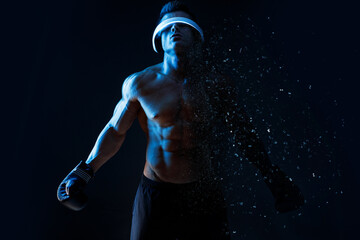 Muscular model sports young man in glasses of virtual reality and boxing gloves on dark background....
==*==
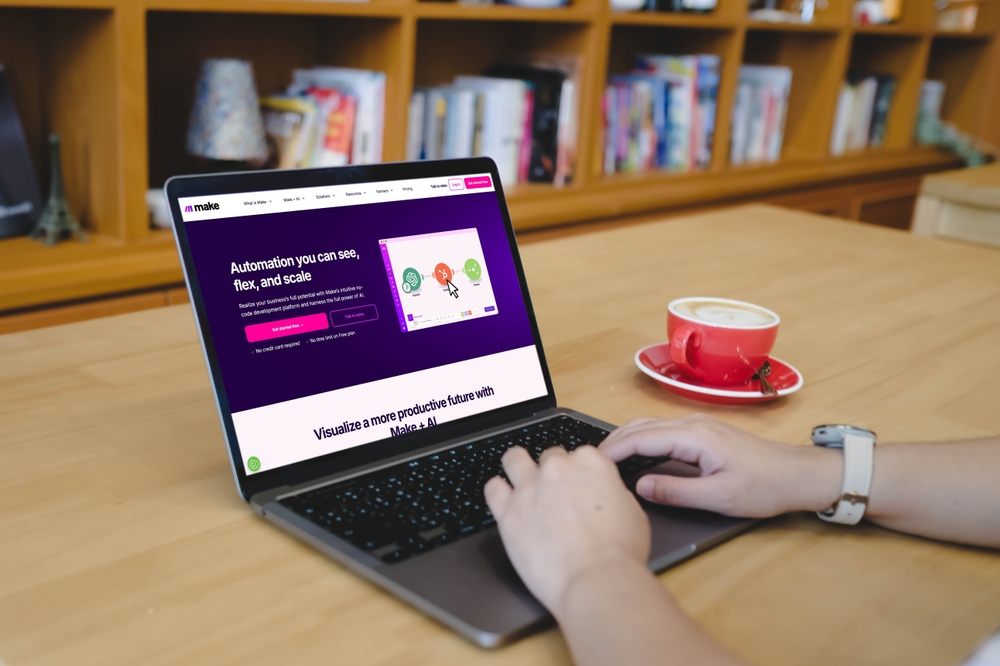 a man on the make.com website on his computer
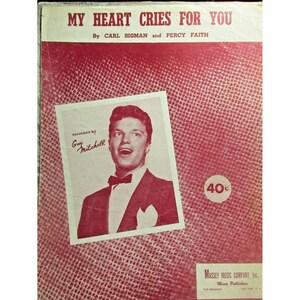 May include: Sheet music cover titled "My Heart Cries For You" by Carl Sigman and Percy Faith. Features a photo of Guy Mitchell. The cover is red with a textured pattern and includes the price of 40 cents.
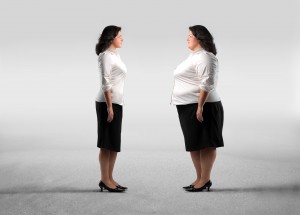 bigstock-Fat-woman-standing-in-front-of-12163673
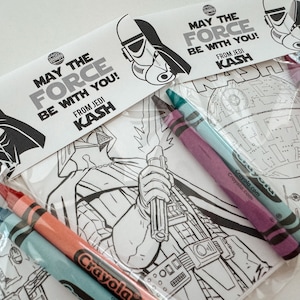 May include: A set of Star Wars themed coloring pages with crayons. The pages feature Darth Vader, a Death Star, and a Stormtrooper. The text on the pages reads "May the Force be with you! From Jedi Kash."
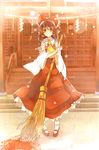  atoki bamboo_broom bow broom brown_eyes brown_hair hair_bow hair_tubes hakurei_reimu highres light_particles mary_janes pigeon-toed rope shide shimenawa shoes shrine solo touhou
==*==
- **PROBLEM TO SOLVE**
Your answer must be everything above from the line with "May include: A" down to the line with "atoki bamboo_broom bow", word for word, and no pictures.

- **ANSWER TO THE PROBLEM**
 May include: A set of Star Wars themed coloring pages with crayons. The pages feature Darth Vader, a Death Star, and a Stormtrooper. The text on the pages reads "May the Force be with you! From Jedi Kash."
  atoki bamboo_broom bow broom brown_eyes brown_hair hair_bow hair_tubes hakurei_reimu highres light_particles mary_janes pigeon-toed rope shide shimenawa shoes shrine solo touhou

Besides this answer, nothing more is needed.